Please write out the whole listing that follows exactly; the pictures stay out.

* * *

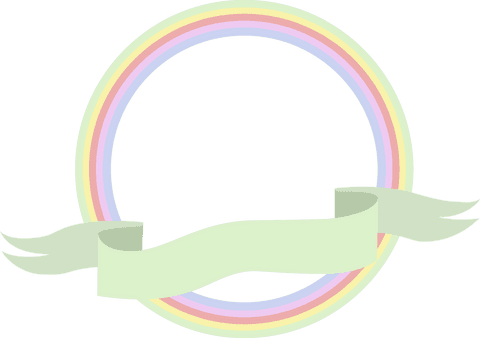 Transparent circular badge icon with pastel rainbow and ribbon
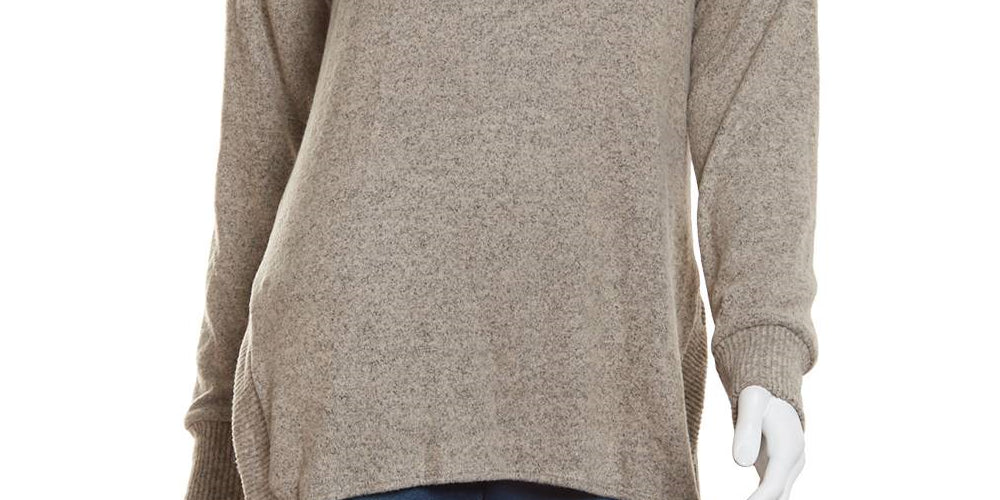 Bcx Junior's Shine Tunic Sweater with Necklace Dark Charcoal Size Large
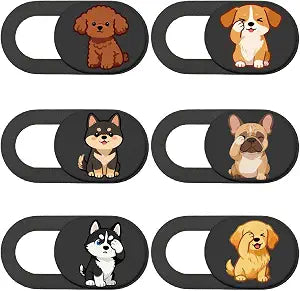 6Pcs 6 Styles Laptop Camera Cover Slide Dog 0.04 Inch Ultra Thin Webcam Cover Cute Privacy Guard Webcam Protector for Desktop Computer Tablet Phone Notebook Mini PC Accessories Office Use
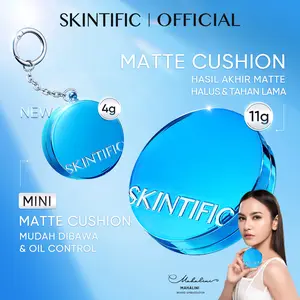 【New】SKINTIFIC Velvet Matte Cushion 4g/11g  Poreless Full Coverage Foundation BB CC Cushion | Oil Control, Waterproof, Sweatproof, Flawless Makeup Bedak Padat untuk Kulit Berminyak & Kering Wajah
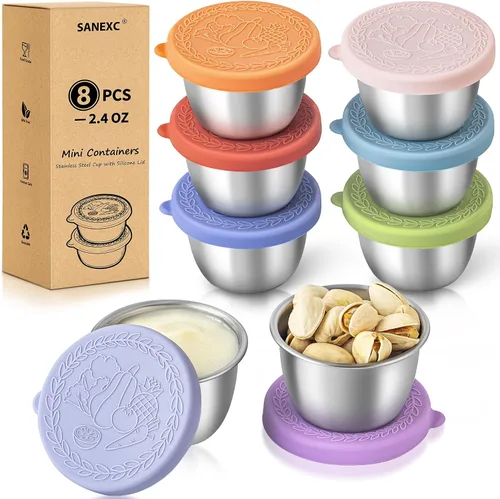 Vista 7 de Paquete de 8 recipientes pequeños para aderezo de ensalada de 1.6 onzas para llevar, tazas de salsa con tapas 1.6 OZ-Multicolor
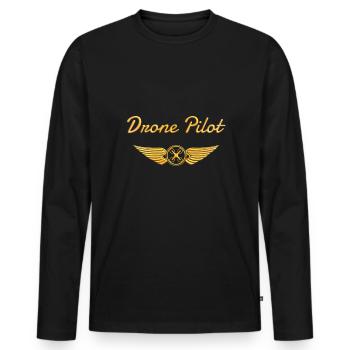 Drone Pilot Badge Quadcopter - Men's Premium Organic Long Sleeve Shirt - black - Front - Nico (187cm)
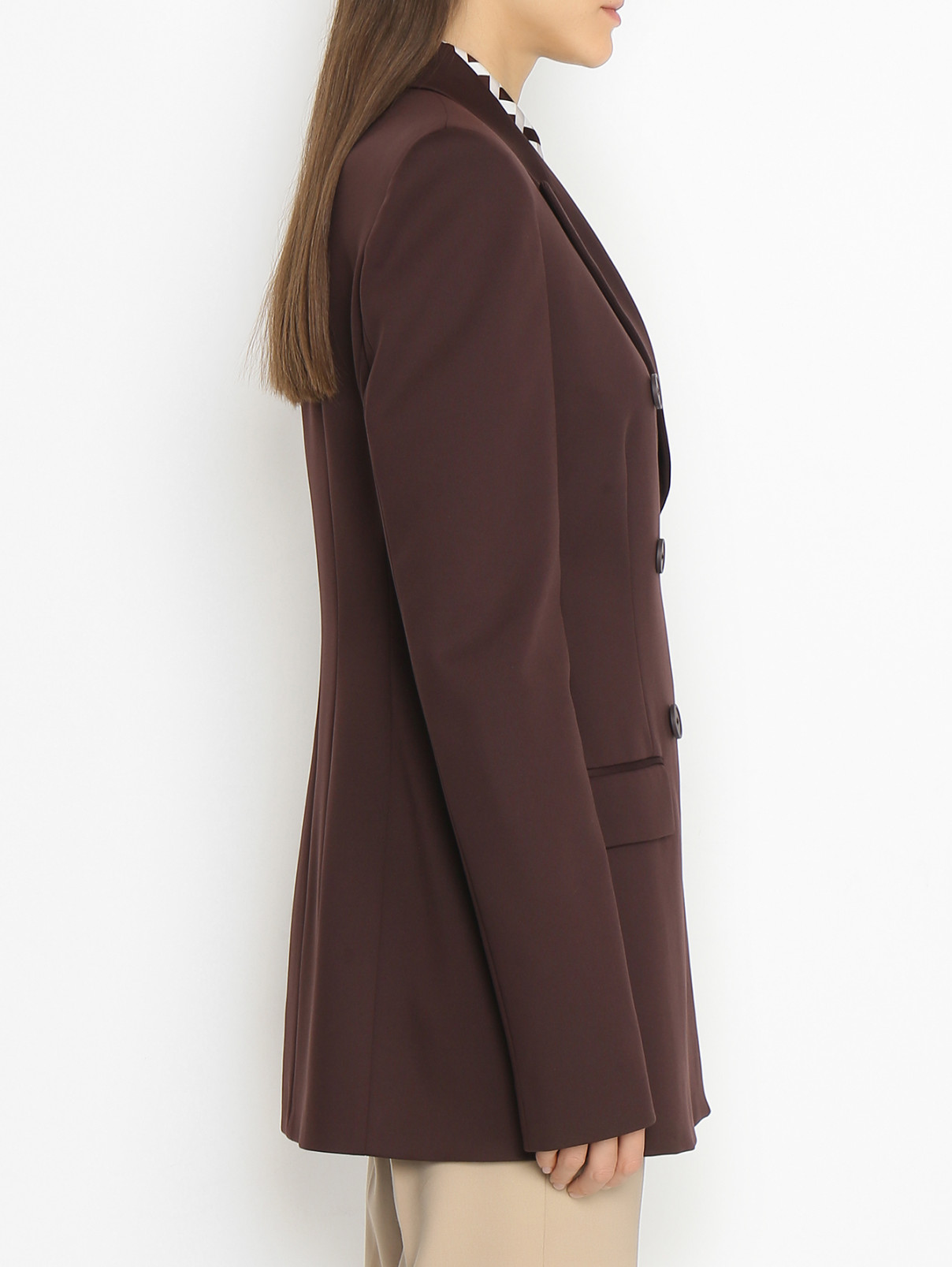 Удлиненный жакет на пуговицах Sportmax  –  МодельВерхНиз2  – Цвет:  Коричневый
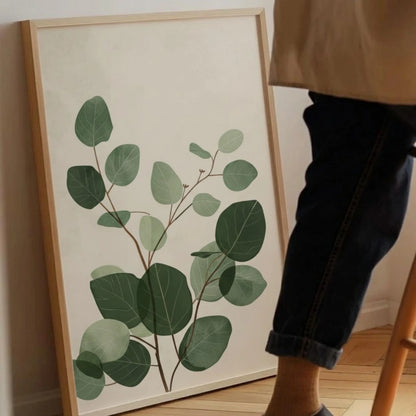 Green Botanical Leaves Art Print, Minimal Nature Wall Decor for Living Room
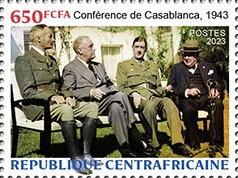 Stamp, Casablanca Conference, 1943, Central African Republic,  , Generals, Heads of State, Second World War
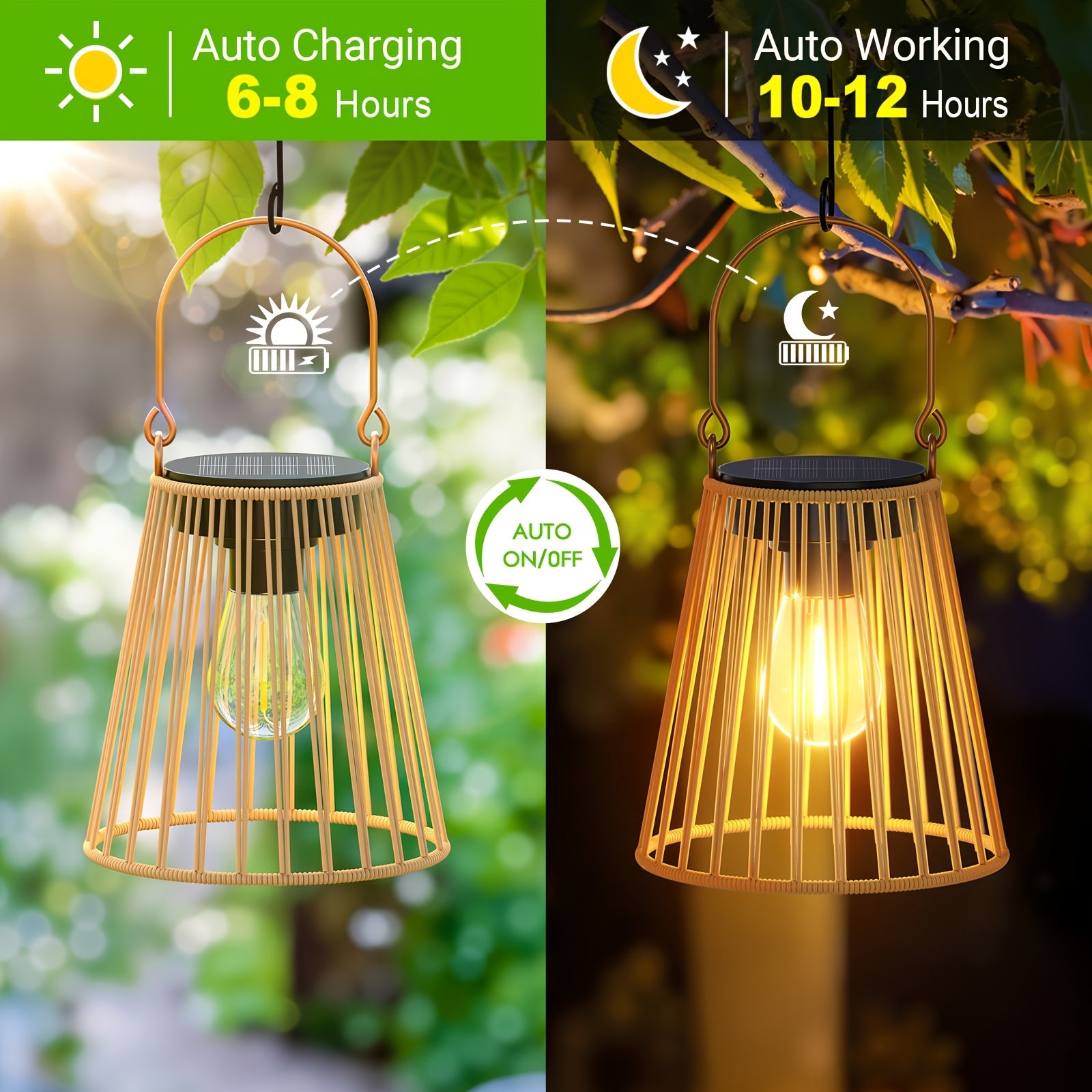 2\u002F4 Pack 800mAh Solar Lanterns Outdoor IPX5 Gifts for Women Hanging Lights Outdoor Christmas Lamp Lights Decoration for Outside Garden, Yard, Patio, Porch, Trees, Lawn, Pathway Decor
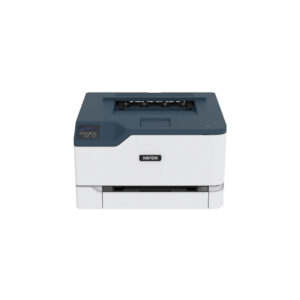Hlavný pohľad na farebnú A4 laserovú tlačiareň Xerox C230 DNI, zobrazujúci jej kompaktný dizajn a elegantné prevedenie.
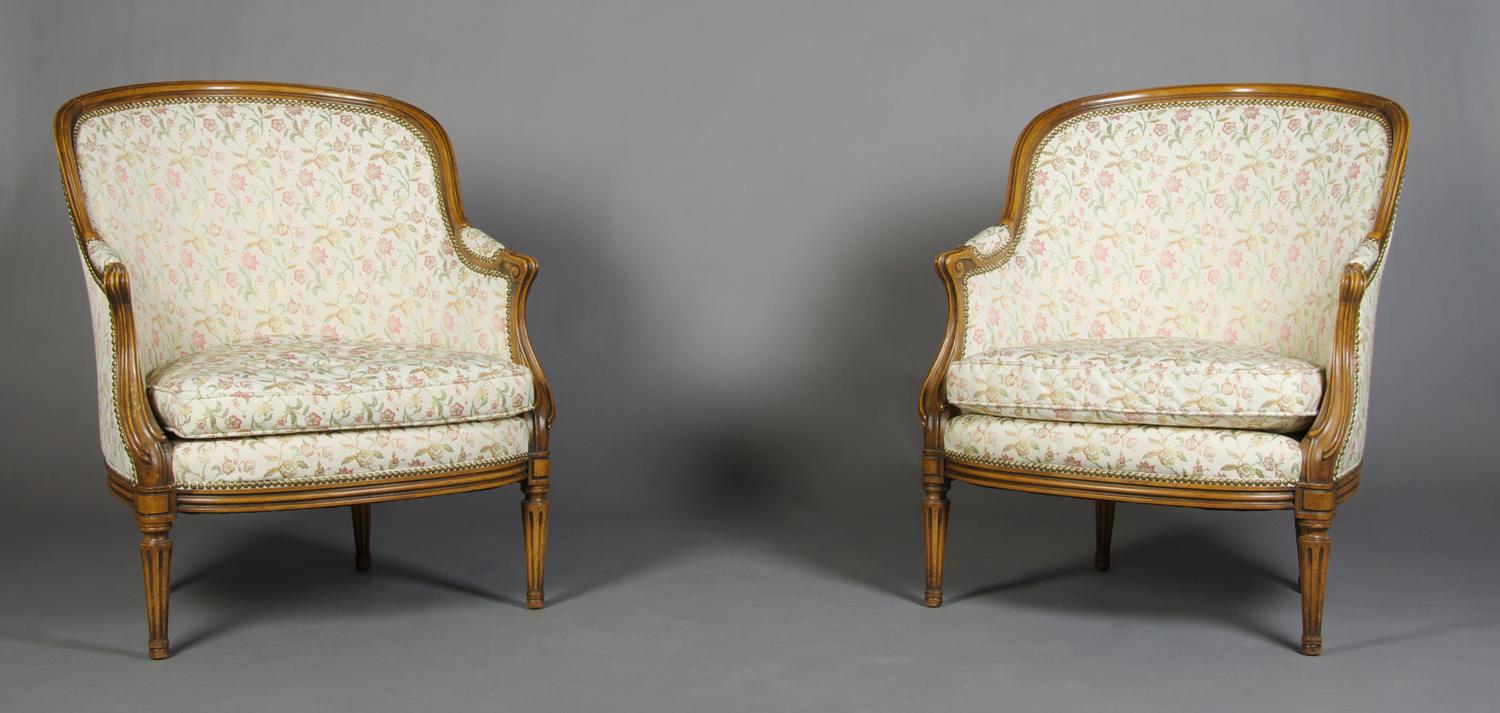 A Pair of Louis XVI Style Bergeres, Height 36 1/4 inches.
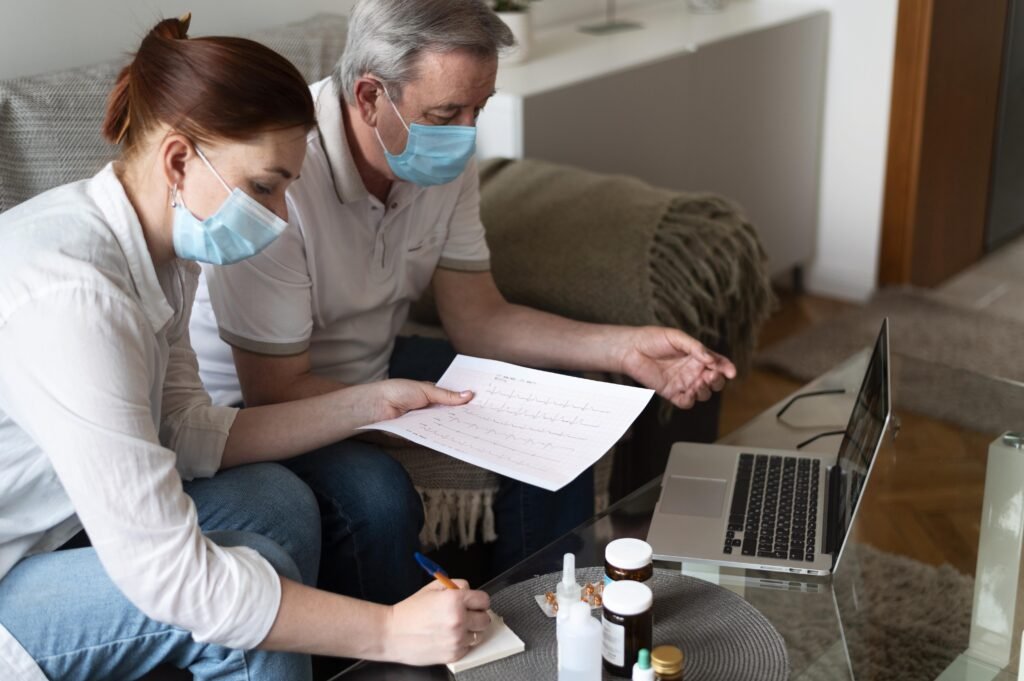 How Medicare Plan Changes in Colorado Can Impact Your Out-of-Pocket Costs Each Year | Aspen Financial & Insurance in Fort Collins, CO | Annuities in CO | Life insurance in CO Group of people wearing protective masks while indoors for a health consultation.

* * *

OUTPUT OF THE EXERCISE:
 Transparent circular badge icon with pastel rainbow and ribbon
 Bcx Junior's Shine Tunic Sweater with Necklace Dark Charcoal Size Large
 6Pcs 6 Styles Laptop Camera Cover Slide Dog 0.04 Inch Ultra Thin Webcam Cover Cute Privacy Guard Webcam Protector for Desktop Computer Tablet Phone Notebook Mini PC Accessories Office Use
 【New】SKINTIFIC Velvet Matte Cushion 4g/11g  Poreless Full Coverage Foundation BB CC Cushion | Oil Control, Waterproof, Sweatproof, Flawless Makeup Bedak Padat untuk Kulit Berminyak & Kering Wajah
 Vista 7 de Paquete de 8 recipientes pequeños para aderezo de ensalada de 1.6 onzas para llevar, tazas de salsa con tapas 1.6 OZ-Multicolor
 Drone Pilot Badge Quadcopter - Men's Premium Organic Long Sleeve Shirt - black - Front - Nico (187cm)
 Удлиненный жакет на пуговицах Sportmax  –  МодельВерхНиз2  – Цвет:  Коричневый
 Green Botanical Leaves Art Print, Minimal Nature Wall Decor for Living Room
 Stamp, Casablanca Conference, 1943, Central African Republic,  , Generals, Heads of State, Second World War
 2\u002F4 Pack 800mAh Solar Lanterns Outdoor IPX5 Gifts for Women Hanging Lights Outdoor Christmas Lamp Lights Decoration for Outside Garden, Yard, Patio, Porch, Trees, Lawn, Pathway Decor
Hlavný pohľad na farebnú A4 laserovú tlačiareň Xerox C230 DNI, zobrazujúci jej kompaktný dizajn a elegantné prevedenie.
 A Pair of Louis XVI Style Bergeres, Height 36 1/4 inches.
 How Medicare Plan Changes in Colorado Can Impact Your Out-of-Pocket Costs Each Year | Aspen Financial & Insurance in Fort Collins, CO | Annuities in CO | Life insurance in CO Group of people wearing protective masks while indoors for a health consultation.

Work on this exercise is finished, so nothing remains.